Organizational Agility: Risk, uncertainty and strategy in the
innovation economy” By Teece, Peteraf and Leih (2016)
Previous research state that firms should become agile no matter the cost and stay in a
constant state of radical transformation
However agility sacrifices efficiency
Risk vs. uncertainty
Risk - “Known unknowns”
- Can be reduced because of ‘natural hedges’
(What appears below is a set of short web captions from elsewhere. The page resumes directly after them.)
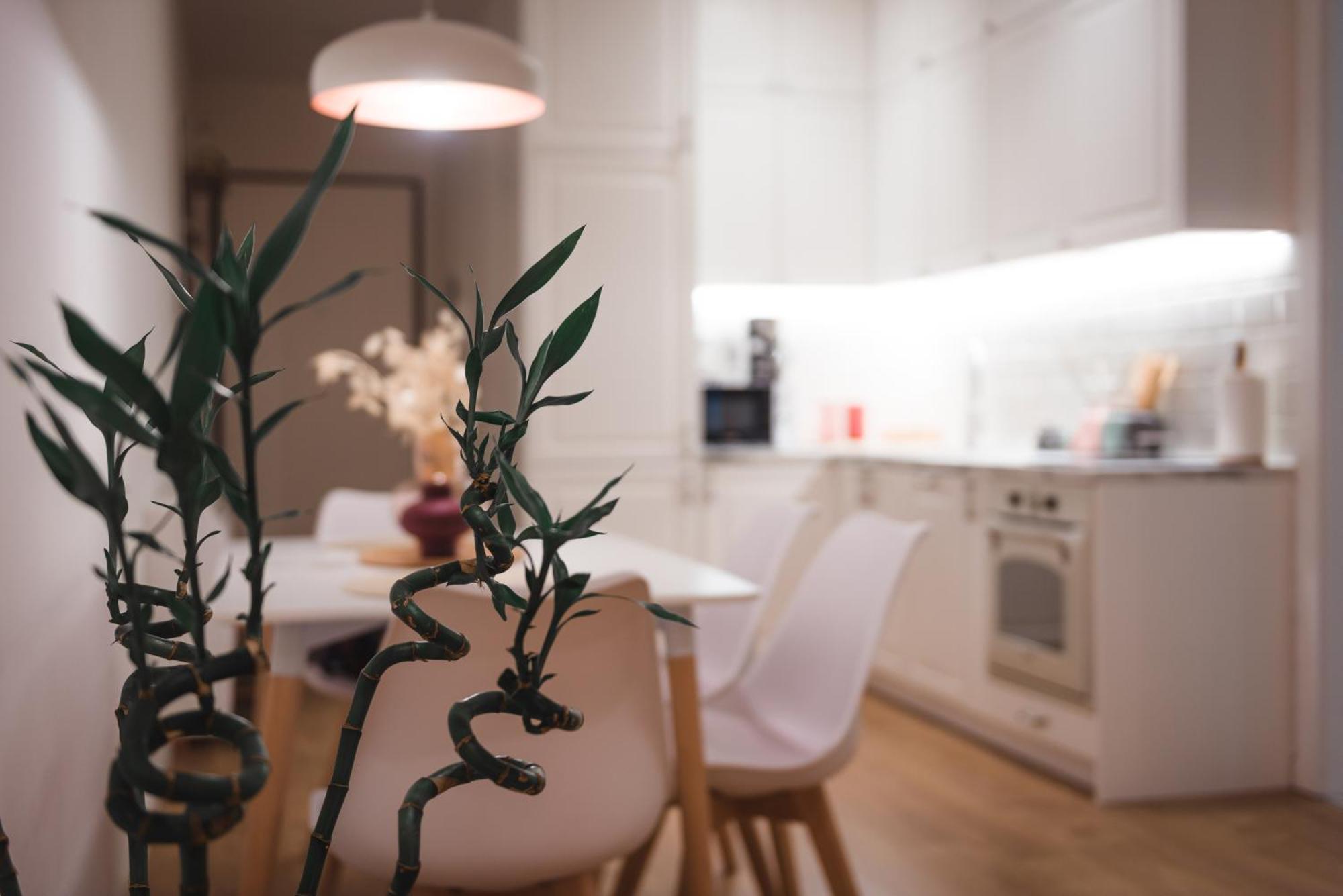 Tam Skanderbeg Square Serviced City Center Apartment No1 地拉那 外观 照片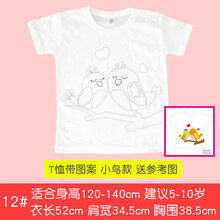 绘画T恤创意材料幼儿园儿童子手工制作diy手绘涂鸦文化衫纯白色 T恤带图案【小鸟款】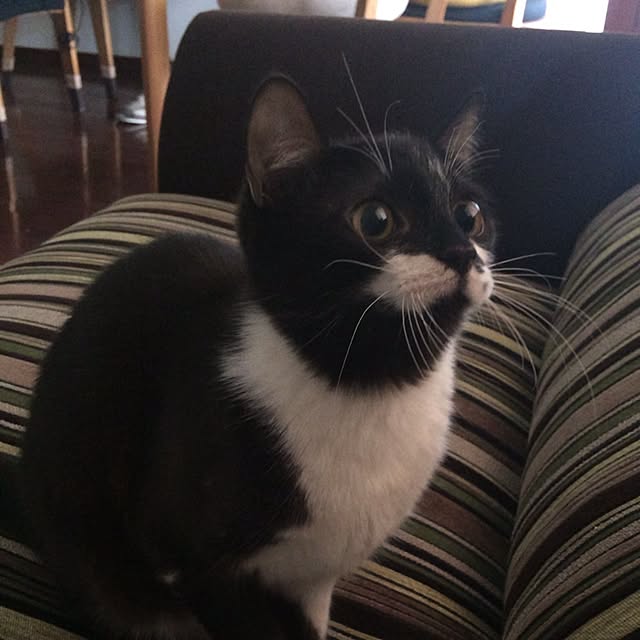 kitさんの実例写真
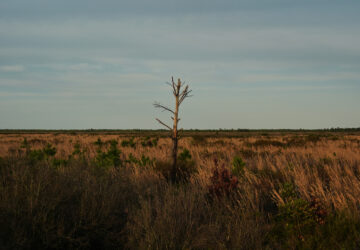 APTOPIX Climate Peatlands Restoration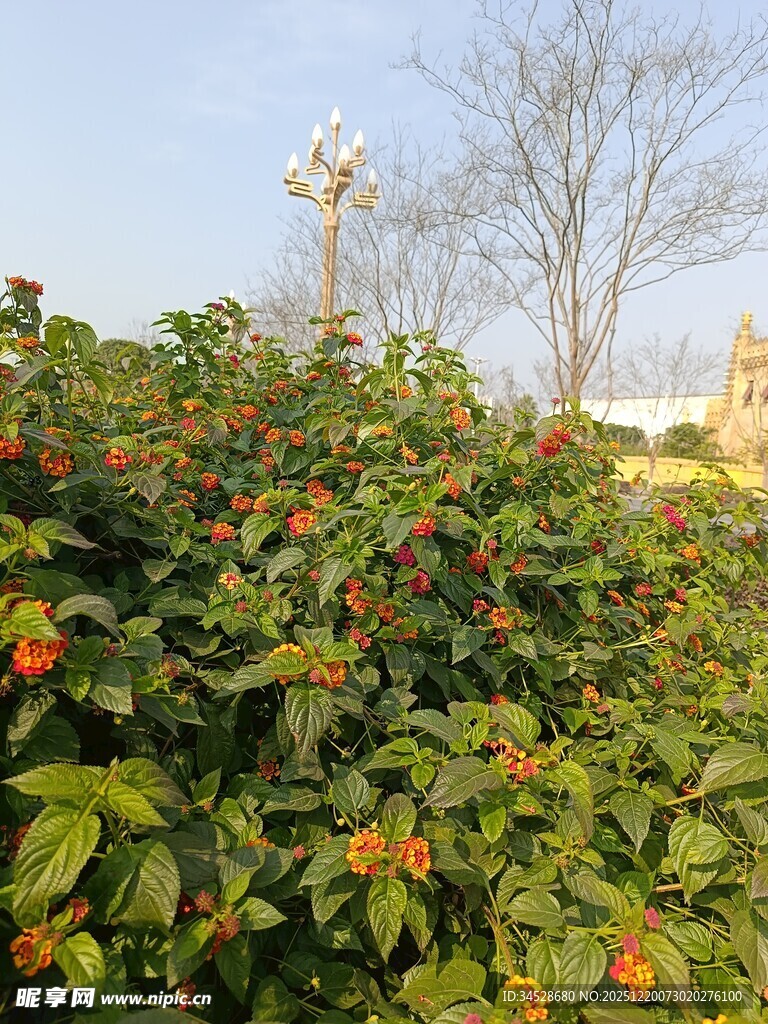 绿叶间的橙红果实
- Can be reduced through contracts, procedures and protocols
Example: when a company has offshore subsidiaries and buys all resources in the host
country to minimize exchange rate risk
Uncertainty - “Unknown unknowns”
- Doing the right things is more important than doing things right, however really hard
when there is uncertainty
- Solution to uncertainty: dynamic capabilities
- Degree of uncertainty increased dramatically as global economy has become more
advanced & integrated ambiguity
Comparison:
- Industrial economy = Chess
o Every move is knowable, the better player almost always wins
o Finite number of moves and counter moves
o Managing risks
- New innovation economy = Mixed martial arts
o Infinity of different combinations of moves (like in the new economy)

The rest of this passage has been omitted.